You can qualify for a mortgage when you’re self-employed

Posted on April 7th, 2017

In BC, about 18% of the workforce is self-employed, according to Statistics Canada.

Most work out of their homes. If you’re one of them and you’re thinking of buying a home, when you go shopping for a mortgage, you should be prepared since you’ll be treated differently than if you work for someone else.

To increase your chances of qualifying, you’ll need to be familiar with what lenders require and what questions they’ll ask.

Mortgage lenders at banks and credit unions consider you to be self-employed if you:

  • run a business alone as a sole proprietor, with a partner, or as a corporation;
  • receive 25 per cent or more of your income from the business;
  • work on short contracts for different employers; or
  • are paid solely on a commission basis.

You’re not self-employed if you receive a regular paycheque from an employer, even if it’s part-time work performed for more than one employer. Under these circumstances you are considered a salaried employee.

Lenders evaluate salaried and self-employed borrowers the same way − on the size of their downpayment and on their ability to repay the mortgage. But there is a difference. Salaried borrowers must verify gross income through paycheques or a letter from an employer. Self-employed borrowers must verify net income, or what’s left after business deductions are subtracted from gross earnings.

For example, as a self-employed person, if you make $100,000 annually in gross earnings but write off $30,000 for business expenses, you have net earnings of $70,000. Unless you have documentation to convince lenders your net income is higher, you’ll be treated the same way as a salaried employee making $70,000 annually.

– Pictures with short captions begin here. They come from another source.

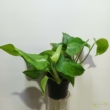 Epipremnum pinnatum Marble Green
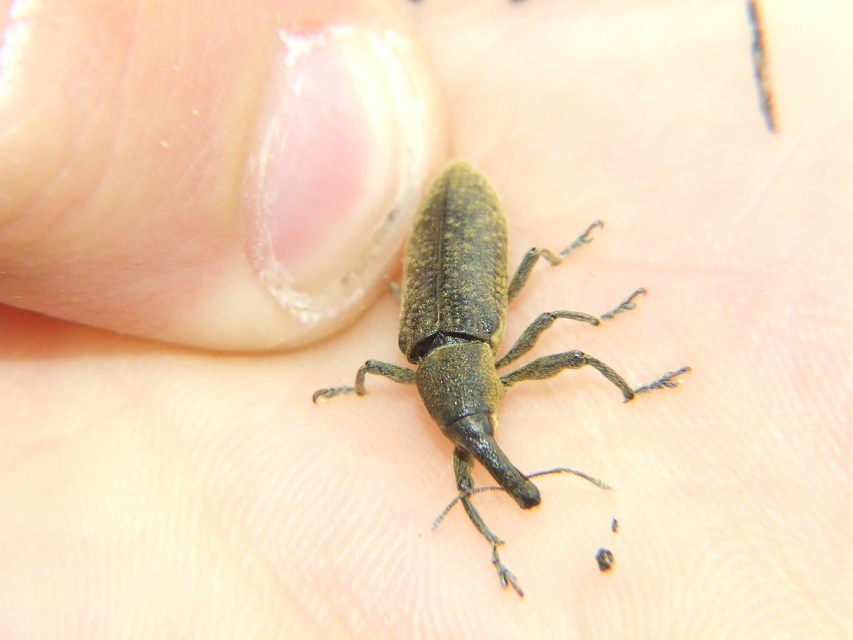 Lixus pulverulentus - mályvafúró dudvabarkó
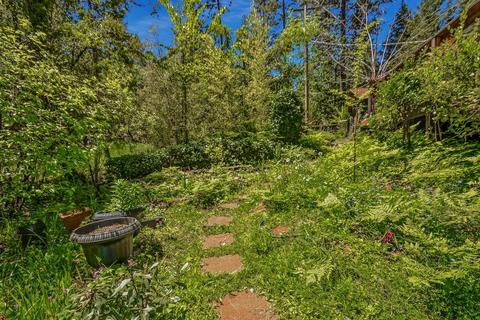 13780 Cedar Pine Ln, Pine Grove, CA 95665 photo 40
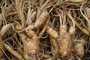 la racine de ginseng séché et racines fraîches di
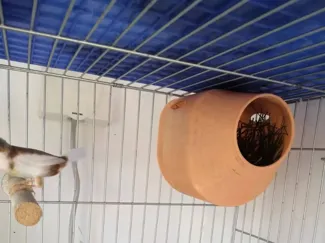 鸟窝繁殖箱 bird house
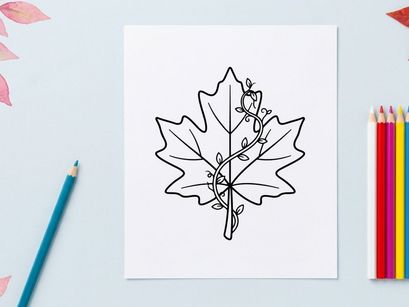 Stylized maple leaf illustration for nature and design projects. Artistic botanical drawing for eco-themed visuals.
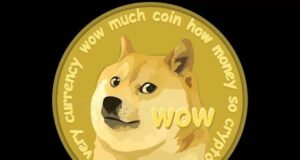 Dogecoin Crash This Summer?
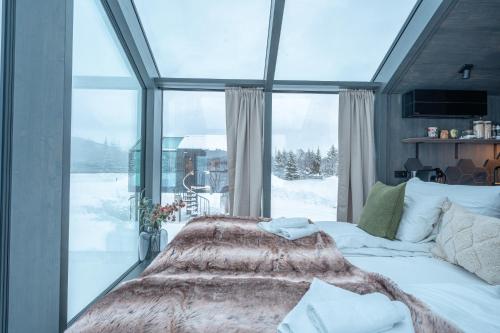 aera aurora glass cabins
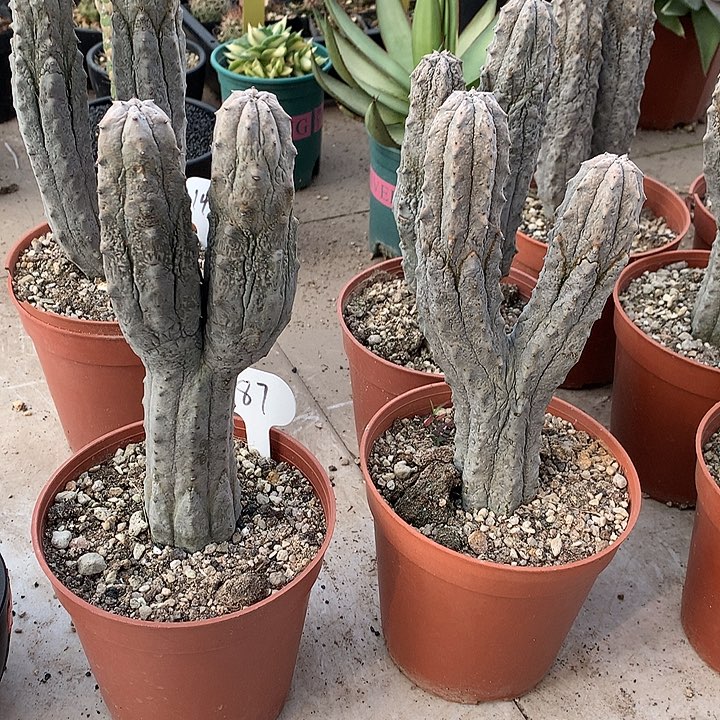 87亚迪麒麟 可挑11111111111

As proof that you have a viable business and a good credit rating, and you’re making timely payments on loans and monthly bills, you’ll need to provide the past two years of the following documents:

  1. monthly bank statement;
  2. corporate tax return;
  3. business balance sheet;
  4. profit-and-loss statement;
  5. business credit card statements; and
  6. credit references or letters from financial institutions.

Some lenders may also ask for proof that your industry is growing and has prospects for future growth.

Lenders will average your earnings over a minimum of two years to get a big picture of your finances. This means that if your net income in 2016 was $100,000 and your net income in 2015 was $70,000, you may qualify for a loan based on an average income of $85,000.

With the new mortgage rules you’ll need to have a downpayment of at least 20 per cent.

You’ll also need to provide documents including:

  • a letter from your accountant;
  • proof that you pay your rent on time; and
  • a personal balance sheet showing assets such as stocks, and debts such as credit cards or car loans.

Make photocopied sets of all your documents and prepare them as a package. Also have them available electronically so you can email them to lenders.

Since you’ll likely shop for a mortgage at different financial institutions or using a mortgage broker, you’ll want to present yourself as an organized and responsible borrower.

As a self-employed business owner, getting a mortgage with a good interest rate depends on your ability to maintain payments and your preparation.